I recently asked a friend if he spends a lot of time on Facebook or not. “I could probably spend less time on there,” was his response. And I think that’s probably a good answer for most of us. Especially for me.

Facebook, Twitter, Instagram, Pinterest. The lists goes on and on. And it seems to be growing. It is certainly helpful and fine to use, but I think becoming addicted to it is a trap that we would do well to avoid. So how do we know we’re addicted? Here are seven signs:


1) It’s the first thing you check in the morning. The alarm goes off, you crawl out of bed, probably to use the restroom, and hop on Facebook. It’s the first thing you do every morning.

2) You check it at red lights. You’re at a red light, it’s been a whopping four seconds and you become agitated. What do you do? Check Social Media.

3) You check it almost incessantly during your day. You check it every chance you get. 10,15, 25 times per day. Every free moment you get, you’re on there. It’s part of your day to simply check it with every free second you have. 

4) You check it when you’re hanging out with friends. Sure, we want to post a pic on Instagram when we’re hanging with the boys or when it’s Girl’s Night Out. But I’m referring to constantly checking Social Media when you’re with friends in a social setting. It’s like we have the “real thing” in front of us yet we jump online to settle for the artificial community!

5) You’re constantly worried about your online perception. How many “likes” did I get? Did anyone comment on my post? How many friends and followers do I have? Do people online see me as successful and beautiful and cool?

6) Your joy differs with the amount of reaction your post receives. You post something, and get 87 “likes.” Yes, you’re the man! Then you post something the next day, and get three “likes.” You feel sad. Your joy depends on the responses of your posts.

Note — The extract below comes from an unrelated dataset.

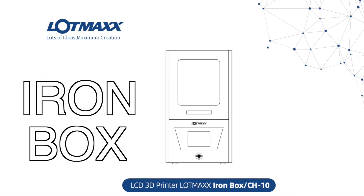I've seen LotMax refer to this printer as the Ironbox online, and I think that's a great name for this printer. It's made of bent sheet metal, and it just sounds and feels super sturdy. It's really bottom-heavy and really dense.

7) You quickly take down a post because it’s not getting the reaction you’d like. You post something and then 15 minutes later you take it down because it’s not getting the “likes,” “shares,” and “comments” you’d like it to have. It’s a sign of insecurity – and something I have done before.

So how do we get over our addiction? I’m no expert and have struggled with this tension myself. I find it helpful to completely take Social Media off my phone for one week. I do that once or twice a year and it is always helpful and refreshing. Taking other mini-breaks from it throughout the year have also proved to be effective.

But honestly, the number one thing that helps me enjoy Social Media without becoming addicted is to remember that I am accepted in Christ, and I don’t have to strive to pretend to be someone online that I’m really not for people I don’t even know. I have a lot of things to improve, but nothing to prove, and remembering Christ’s work on my behalf helps me to be secure when online, knowing that the real work is already finished.